Despite the order from the state, local media affiliate WKRN reported on March 20 that promoters hosted a ticket giveaway on Facebook. Of further concern is that the organizer, whose name is Mike Leffingwell but goes by Mike Axle, “has a lengthy criminal history with convictions for fraud in multiple states, including a federal conviction in Missouri. He also has active arrest warrants in Sumner and Maury counties, as well as in Georgia and Missouri,” the station reported

 

Dealernews’ Holly Wagner talked with event marketing veterans Joe DiStefano of Pro Riders Marketing and Ken Conte of Rise Above Consulting to assemble a quick checklist Dealers can use when asked to support a local rally or other event.


WHY DO OTHERWISE sensible people abandon their instincts in the face of a tempting offer, even without the proof of reward they know they should get?

We can leave that discussion to psychiatry. Avoiding scams (or incompetence) pretty much boils down to common sense – trusting your gut and doing a little due diligence – according to veteran event promoters and marketers. Their advice is aimed at Dealers and others deciding whether to show or sell at rallies and events; however, the same tips can apply to evaluating most advertising and marketing proposals.

Have your budget ready.
Before even considering showing at an event, know how much you will spend on travel and transport, extra help, food, lodgings, permits and insurance, your absence from the shop and any other expenses. Then consider how much return you expect to get on that investment. Conte and DiStefano say local rallies will bring in about 2,000 attendees. Make sure your expenditures match your expectations.

Meet the promoter face to face.
There is no substitute for looking someone in the eye, especially when it comes to a new, untested contact or event. If you can’t meet face to face, ask for a Facetime or other type of video chat, or a GoTo Meeting online presentation.

The vendor manual for Sturgis provides an example of what you should expect from a rally promoter.

Check their credentials.
Get the tax ID number for the promoter. Ask for copies of event permits and verify them with the permitting agencies. Determine whether you will need individual permits and what those will cost. Ask for proof of insurance for the promoter and the event, and then verify that insurance.

Secure contract terms.
Ask for a schedule of events and a sample contract. Make sure you understand the expectations from both sides. A contract should include your obligations for fees, a payment schedule, load in/out times, duration, location within the event, permits, structures, setup/cleanup responsibilities and anything else the promoter requires from you. Obtain a floorplan, and get written confirmation of your booth location as well as who will be occupying nearby booths. The contract should also spell out what services the promoter will provide for exhibitors, including insurance; permits; your recourse in case of non-performance, rainout or other “acts of god”; and fee, cancellation and refund deadlines. (Pictured: This year’s Sturgis vendor guide is an example of what to expect from a large rally. View the Guide HERE)
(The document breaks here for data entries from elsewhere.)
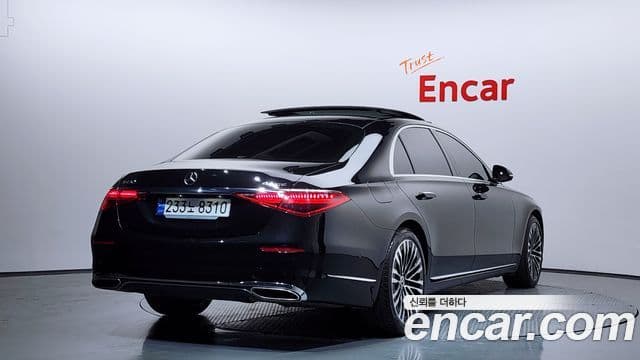Mercedes-Benz S-Class 2023 — ფოტო 2/20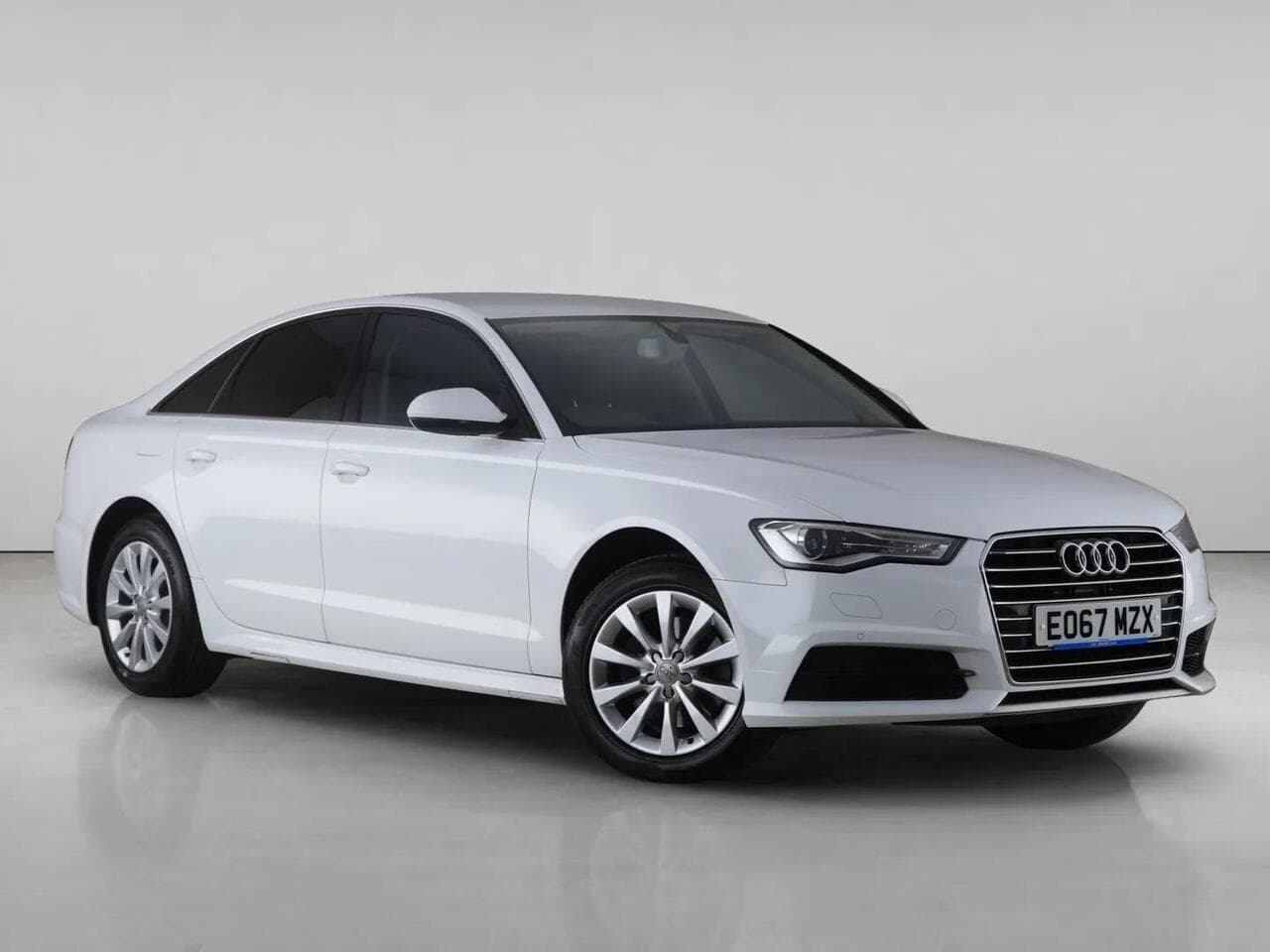 Audi A6 Saloon - Audi A6 Saloon 2.0 TDI ultra SE Executive Saloon 4dr Diesel S Tronic Euro 6 (s/s) (190 ps)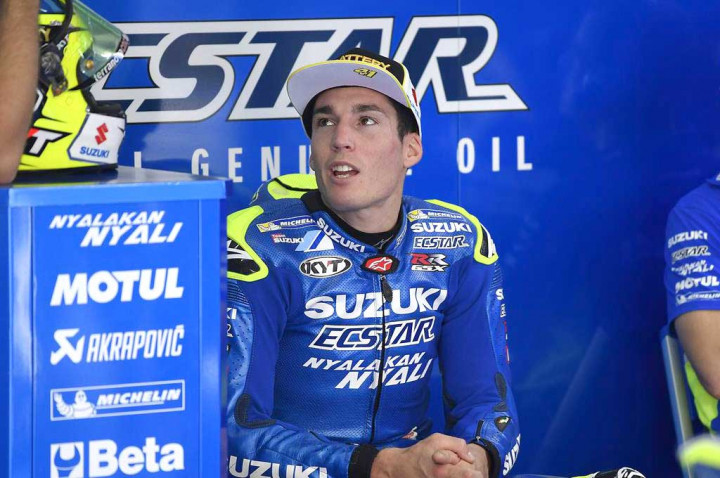 Espargaro Terlambat Tampil Kompetitif di 2016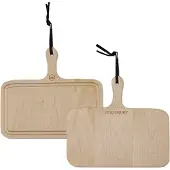 Dutchdeluxes Beurrier Dutchdeluxes XS Rectangular Solid Hard Maple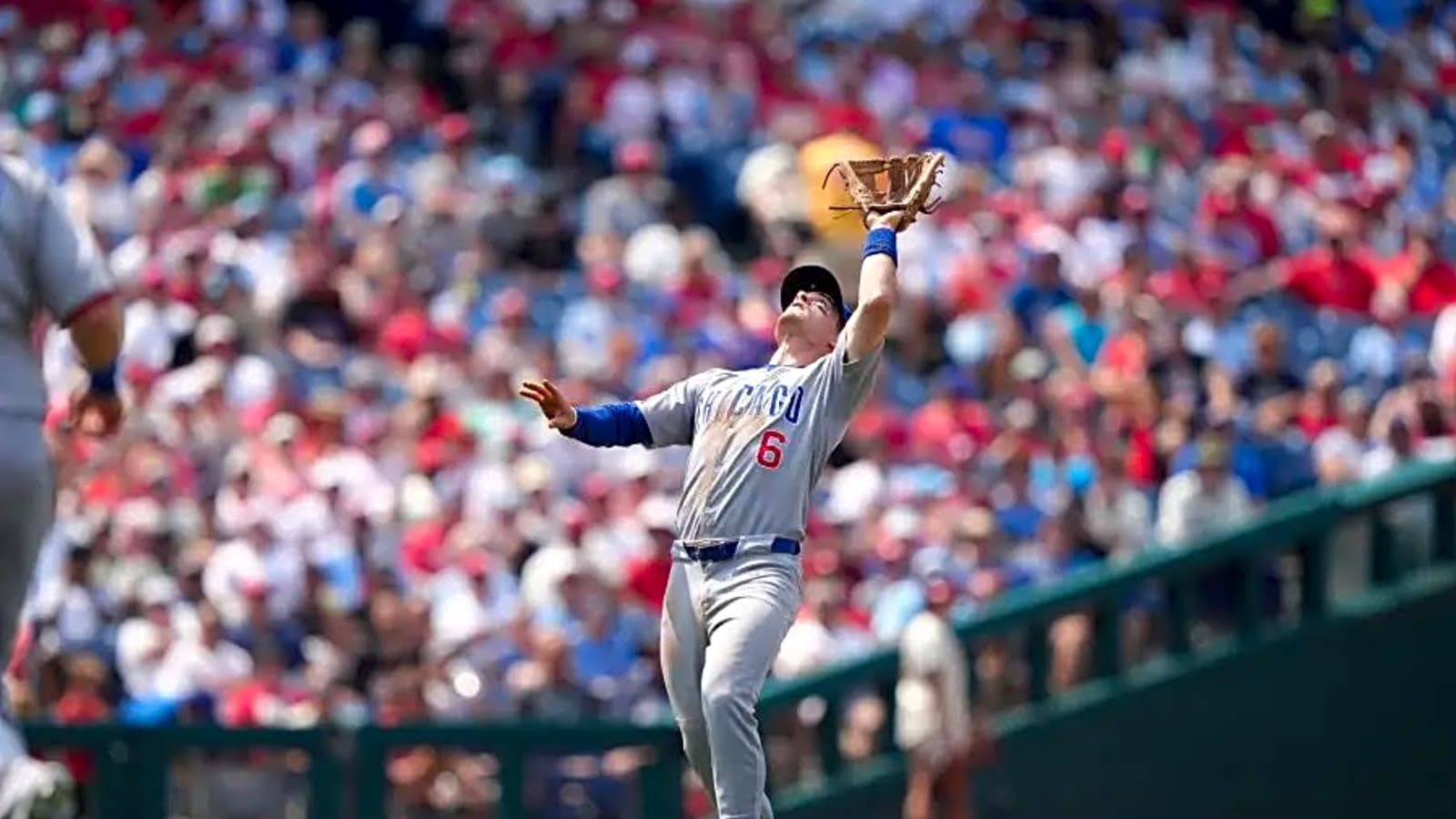 Chicago Cubs rookie finished top 5 in latest poll for ROTY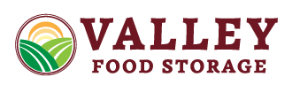 Valley Food Storage Online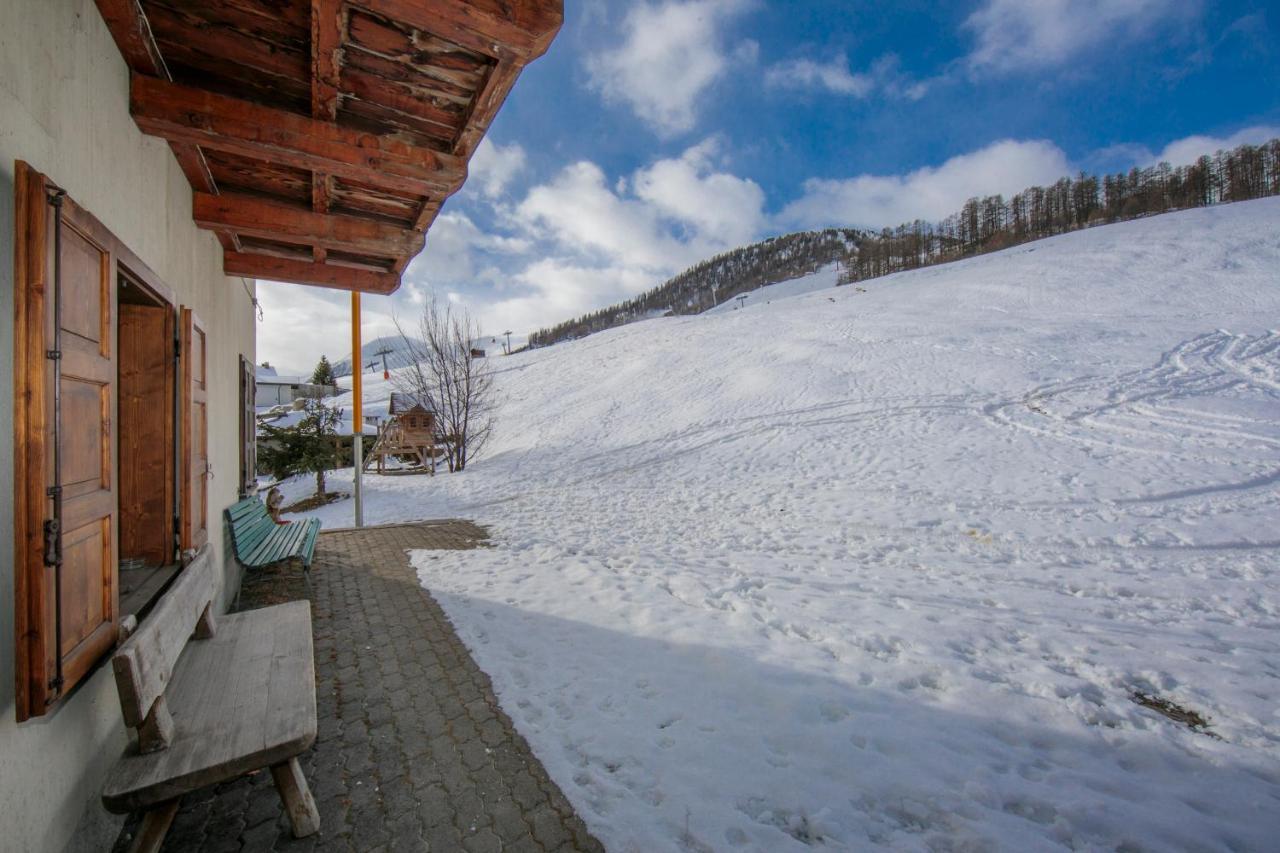 Martina Ski In - Ski Out Mt 50 - Happy Rentals Livigno Luaran gambar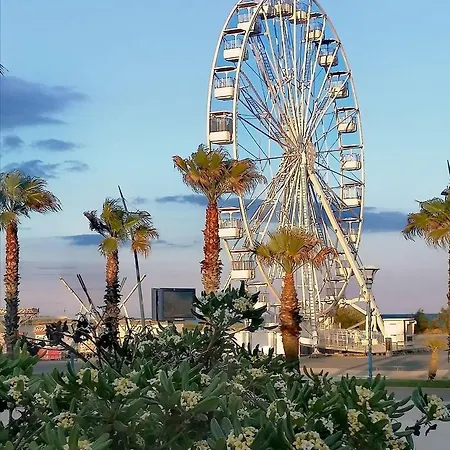 Vue Imprenable Sur Mer- La Perle De Pierre La Saint-Pierre-la-Mer (Aude)
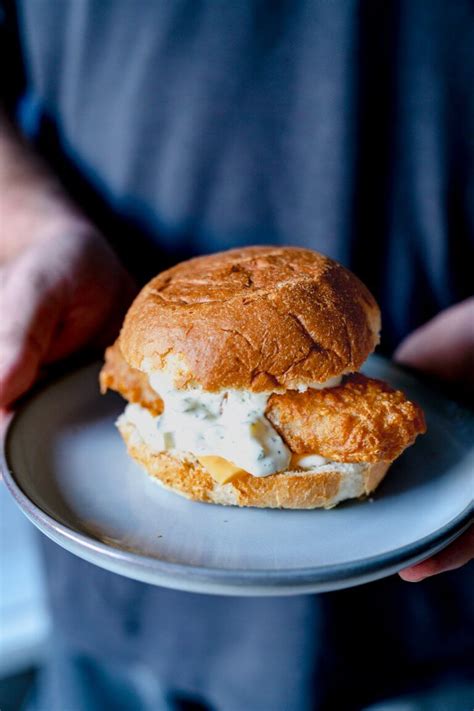 Filet - o - Fish einfach selber machen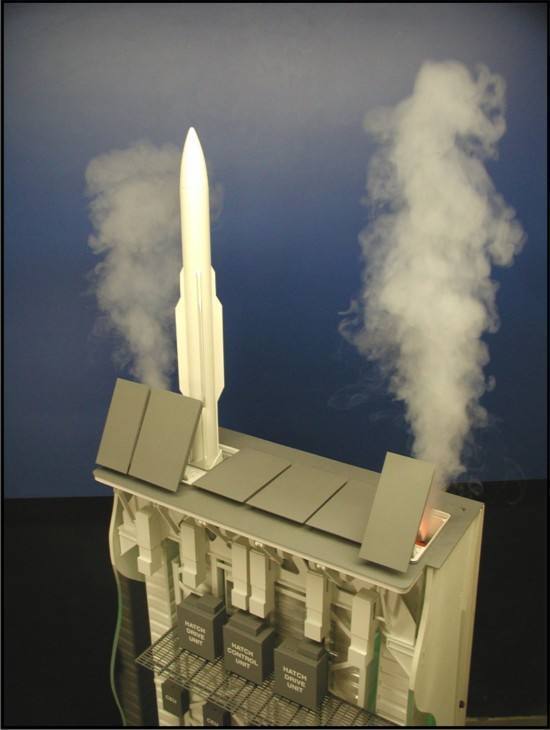 灵巧的重剑无奈的选择你了解美国科幻战舰导弹垂发吗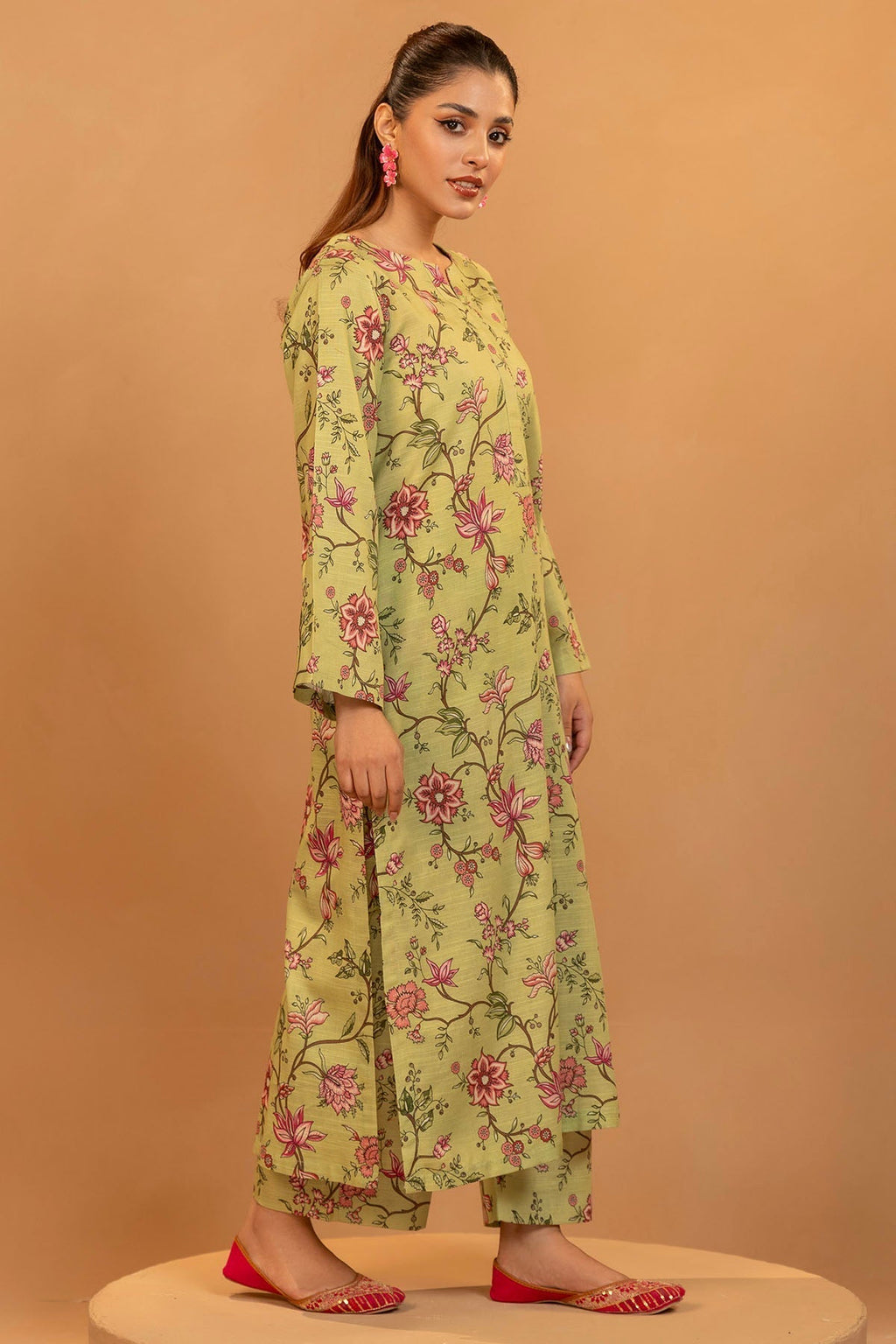 Motifz | Co Ord Sets | 5234-MANA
Confirm the marketing plan.
Know how, and in what venues, the event will be promoted, and what type of audience the event is trying to attract. Make sure crowd estimates are realistic, and get the event’s formal marketing plan. Be especially wary of over-promising. Find out whether the event has restrictions, such as age, club colors or pets, that might limit attendance.

Verify references.
Let’s face it: It’s easy to dummy up business cards and stationery. Check the references the promoter provides. One way to verify that a reference is real, not invented, is to find the reference’s contact information separately, from a phone number on their website or a directory listing. Then, call the company and ask for the reference by name (let’s say, “Joe”). If Joe doesn’t work there, that’s a problem. Also, check with distributor reps in the event area and see if they plan to have a presence, and find out who the anchor sponsors are, and contact them.

Get legal advice.
If you’re making a significant investment in a specific event, it makes sense to spend a few bucks to have your lawyer review the contract to make sure you are protected before you sign anything or spend any money.

ABORT! ABORT! ABORT!  The following warning signs should prompt you to back away:

  • Unrealistic crowd estimates
  • Reluctance by the promoter or agent to share a list of other exhibitors
  • Lack of local participation or advertising
  • Minimal or scattershot social media presence
  • Asking for money too far in advance of the event (more than six months, Conte and DiStefano say), or for all of the money far in advance
  • Ticket sales too far in advance

Dealernews thanks Ken Conte of Rise Above Consulting (www.riseaboveconsulting.com) and Joe DiStefano of Pro Riders Marketing (www.proridersmarketing.com) for their assistance in the creation of this checklist. Readers: Do you have additional tips? Send them to editors@dealernews.com and we may add them to this checklist.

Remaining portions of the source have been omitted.